Convolutional Neural Networks

What

Neural nets designed for grid-structured data (images). Use small learnable filters that slide across the input to detect patterns.

Key ideas

Convolution layer

A small filter (e.g., 3×3) slides across the image, computing a dot product at each position → produces a feature map.

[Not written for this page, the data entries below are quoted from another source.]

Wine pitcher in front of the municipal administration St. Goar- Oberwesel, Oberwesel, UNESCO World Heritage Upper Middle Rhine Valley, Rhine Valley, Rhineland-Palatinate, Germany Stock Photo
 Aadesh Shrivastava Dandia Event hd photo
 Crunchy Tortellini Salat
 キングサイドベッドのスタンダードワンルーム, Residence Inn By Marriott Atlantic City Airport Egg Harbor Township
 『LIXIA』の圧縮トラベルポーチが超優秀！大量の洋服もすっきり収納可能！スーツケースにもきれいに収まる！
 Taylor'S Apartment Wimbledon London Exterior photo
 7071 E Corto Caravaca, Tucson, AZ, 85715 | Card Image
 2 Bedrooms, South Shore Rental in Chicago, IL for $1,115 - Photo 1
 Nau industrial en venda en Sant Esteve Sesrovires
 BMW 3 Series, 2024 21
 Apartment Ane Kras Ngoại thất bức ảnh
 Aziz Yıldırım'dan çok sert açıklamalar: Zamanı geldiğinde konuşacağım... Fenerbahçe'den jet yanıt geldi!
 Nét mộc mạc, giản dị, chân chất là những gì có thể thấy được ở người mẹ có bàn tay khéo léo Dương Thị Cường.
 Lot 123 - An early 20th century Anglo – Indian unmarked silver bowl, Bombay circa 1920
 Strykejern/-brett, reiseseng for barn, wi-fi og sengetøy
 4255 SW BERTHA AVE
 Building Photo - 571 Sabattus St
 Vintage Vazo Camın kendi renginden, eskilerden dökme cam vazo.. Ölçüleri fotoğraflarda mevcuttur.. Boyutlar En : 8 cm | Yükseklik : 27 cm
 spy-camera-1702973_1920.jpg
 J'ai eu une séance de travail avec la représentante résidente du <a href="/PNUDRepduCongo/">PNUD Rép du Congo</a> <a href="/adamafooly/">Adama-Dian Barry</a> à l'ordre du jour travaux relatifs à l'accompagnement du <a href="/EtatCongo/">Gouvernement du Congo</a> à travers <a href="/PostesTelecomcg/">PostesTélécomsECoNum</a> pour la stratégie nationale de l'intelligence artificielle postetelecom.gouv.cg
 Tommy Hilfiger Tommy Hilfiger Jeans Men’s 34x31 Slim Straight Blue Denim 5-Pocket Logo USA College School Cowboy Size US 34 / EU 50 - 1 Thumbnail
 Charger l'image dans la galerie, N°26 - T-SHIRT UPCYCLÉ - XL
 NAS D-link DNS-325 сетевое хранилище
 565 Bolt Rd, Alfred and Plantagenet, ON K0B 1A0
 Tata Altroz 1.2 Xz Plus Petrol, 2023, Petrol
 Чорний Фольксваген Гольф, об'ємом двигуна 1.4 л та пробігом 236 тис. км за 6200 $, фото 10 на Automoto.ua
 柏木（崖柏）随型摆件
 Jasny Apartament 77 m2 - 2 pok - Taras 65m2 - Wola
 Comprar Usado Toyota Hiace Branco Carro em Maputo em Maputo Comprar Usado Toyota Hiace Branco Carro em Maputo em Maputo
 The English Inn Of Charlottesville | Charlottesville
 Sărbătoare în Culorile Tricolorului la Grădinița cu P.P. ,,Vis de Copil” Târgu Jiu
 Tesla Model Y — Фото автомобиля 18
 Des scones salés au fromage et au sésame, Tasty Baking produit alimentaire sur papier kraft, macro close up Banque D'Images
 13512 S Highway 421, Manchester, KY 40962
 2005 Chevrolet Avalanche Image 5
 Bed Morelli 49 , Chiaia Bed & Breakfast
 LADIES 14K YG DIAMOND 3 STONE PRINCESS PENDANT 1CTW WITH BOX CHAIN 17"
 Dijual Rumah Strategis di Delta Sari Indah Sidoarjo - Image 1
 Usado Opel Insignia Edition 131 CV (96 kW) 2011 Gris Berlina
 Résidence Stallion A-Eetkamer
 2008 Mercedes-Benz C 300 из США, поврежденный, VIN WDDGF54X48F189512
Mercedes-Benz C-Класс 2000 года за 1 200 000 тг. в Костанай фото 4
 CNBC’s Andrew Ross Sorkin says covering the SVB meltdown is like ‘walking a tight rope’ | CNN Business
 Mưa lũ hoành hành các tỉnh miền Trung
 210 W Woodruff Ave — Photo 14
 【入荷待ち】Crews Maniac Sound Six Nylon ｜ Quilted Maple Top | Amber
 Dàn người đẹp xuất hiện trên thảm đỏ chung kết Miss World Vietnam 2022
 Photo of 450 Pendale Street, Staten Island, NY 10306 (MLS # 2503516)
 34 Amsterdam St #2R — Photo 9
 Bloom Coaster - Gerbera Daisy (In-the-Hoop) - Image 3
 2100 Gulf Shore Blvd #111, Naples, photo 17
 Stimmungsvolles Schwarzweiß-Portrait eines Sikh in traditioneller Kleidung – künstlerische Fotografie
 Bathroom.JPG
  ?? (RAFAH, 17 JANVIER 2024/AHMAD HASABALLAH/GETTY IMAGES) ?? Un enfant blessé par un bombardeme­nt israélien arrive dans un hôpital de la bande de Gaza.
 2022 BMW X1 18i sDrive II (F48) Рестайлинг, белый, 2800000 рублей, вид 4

  • Early layers detect edges, textures
  • Deeper layers detect shapes, objects

Pooling layer

Downsample feature maps (e.g., 2×2 max pooling → halve spatial dimensions). Reduces computation and adds translation invariance.

Architecture pattern

[Conv → ReLU → Pool] × N → Flatten → [FC → ReLU] × M → Output

In PyTorch

import torch.nn as nn
 
class SimpleCNN(nn.Module):
    def __init__(self):
        super().__init__()
        self.features = nn.Sequential(
            nn.Conv2d(3, 32, kernel_size=3, padding=1),   # 3 channels in, 32 out
            nn.ReLU(),
            nn.MaxPool2d(2),                               # halve spatial dims
            nn.Conv2d(32, 64, kernel_size=3, padding=1),
            nn.ReLU(),
            nn.MaxPool2d(2),
        )
        self.classifier = nn.Sequential(
            nn.Flatten(),
            nn.Linear(64 * 8 * 8, 128),
            nn.ReLU(),
            nn.Linear(128, 10),
        )
 
    def forward(self, x):
        x = self.features(x)
        return self.classifier(x)

Famous architectures (historical progression)

YearModelInnovation
2012AlexNetDeep CNNs on GPU, ReLU, dropout
2014VGGVery deep, small 3×3 filters
2015ResNetSkip connections → 100+ layers
2017EfficientNetBalanced scaling of depth/width/resolution

In practice: use Transfer Learning

Don’t train CNNs from scratch. Use a pretrained model (ResNet, EfficientNet) and fine-tune.